There is some kind of war between my heart and brain though. I think my brain is telling me everything above but my heart is longing to find something more. I push back every time I feel myself getting close to someone because, truth be told, my biggest fear is to be hurt like I was again. I know I couldnt survive another heartbreak, I barely walked away from this one. However, my heart longs for a connection to someone. I want to come home to someone, cook for someone, look nice for someone, I dont know, hell just to have someone put a smile on my face. Sometimes it feels like its the only thing that I am good at... loving someone.  I've always known that I tend to give to much to people. Its why I am so good at my job because I truly care about people and what they are going thru. I would do anything to put a smile on someone's face even if I couldnt put a smile on my own. 

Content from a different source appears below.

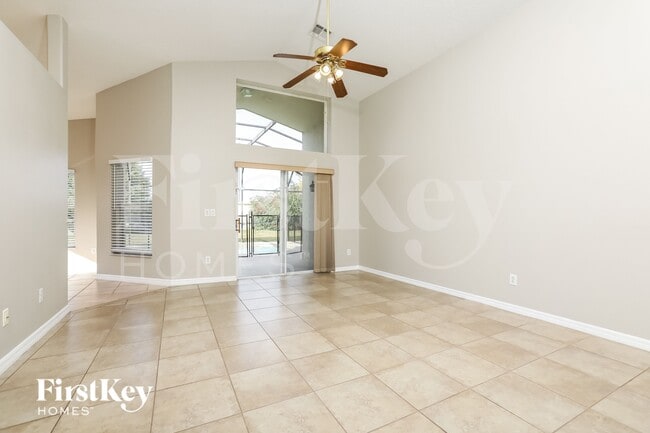 Foto del edificio - 2693 Autumn Creek Cir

I think the bad thing is I've met a few great guys. Seemingly, they could be exactly what I want. They could be exactly what I'm looking for but that fear holds me back. Not to mention, one in particular, I am pretty sure I am the only one with the feelings, despite what he has said. I dont know if its me just sabotaging myself to not get closer to him or if I really feel like he's just telling me what I want to hear to get what he wants. Sucks knowing your only an option and never a priority in his eyes though.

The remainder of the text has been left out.